De fait, le mouvement continue à être suivi par une partie de la population. Il y a eu plusieurs cortèges assez suivis dans toute l’Auvergne, que ce soit à Clermont-Ferrand (5 500 personnes selon la préfecture, 12 000 selon les syndicats), Le Puy-en-Velay (2 500 manifestants), Vichy (1 000), Moulins (1 050), Montluçon (1 500) ou Aurillac (700). Dans toutes les villes se sont mêlés des manifestants venus du public (les employés de la Banque de France), et notamment des enseignants (800 membres de la FSU venus pour leur congrès national), mais aussi du privé (comme avec les travailleurs des fonderies PSA, les employés de Michelin, Trelleborg, Luxfer, Constellium, des papeteries D’espaly ou des plasitques Guérin). Par ailleurs, très peu de trains circulaient en Auvergne, puisque 85% des TER étaient annulés.

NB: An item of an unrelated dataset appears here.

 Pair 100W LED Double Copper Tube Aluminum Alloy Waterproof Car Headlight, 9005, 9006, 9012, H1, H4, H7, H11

Plusieurs syndicats avaient appelé à manifester : la CGT, la FSU, SUD, l’UNSA, FO, ou encore l’UNEF. Des militants du PCF, de Génération.s, du MJCF, du PS ou d’EELV ont également participé. De leur côté, certains « gilets jaunes » étaient aussi présents, comme à Clermont-Ferrand, où un appel à bloquer le péage de Gerzat a été lancé.
Comme on le voit, si la mobilisation se maintient de manière tout-à-fait honorable, les chiffres sont un peu plus faibles que la dernière fois. Ce qui pose une question essentielle : comment renforcer le mouvement, le maintenir et le développer ?

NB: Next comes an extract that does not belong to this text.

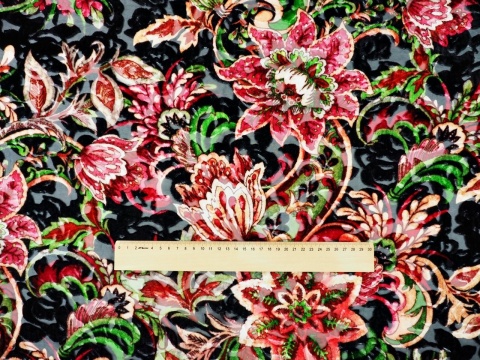 welur devore w indyjskie kwiaty na czerni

Nous disions dès jeudi dernier qu’il fallait que le mouvement prenne une tournure politique, et que c’était à la Gauche qu’en revenait la responsabilité. C’est une évidence : si la mobilisation se maintient comme lutte syndicale, elle risque l »essoufflement, à plus ou moins long terme. Outre que tous les travailleurs ne peuvent pas se permettre de faire grève sur la durée, la nature même du syndicalisme empêche un développement, en particulier dans l’état où il se trouve aujourd’hui en France. En effet, le taux de syndicalisation est très faible dans notre pays, et quant aux directions syndicales, elles cherchent toujours la négociation avec l’Etat ou le patronat, pour préserver d’une manière plus ou moins corporatiste (selon le syndicat) les maigres avantages des secteurs où ils pèsent. Dès lors, si le mouvement se maintient comme mouvement syndical, il risque de ne pas décoller et de s’engoncer dans des manifestations toujours plus folkloriques, bien délimitées, bien cadrées.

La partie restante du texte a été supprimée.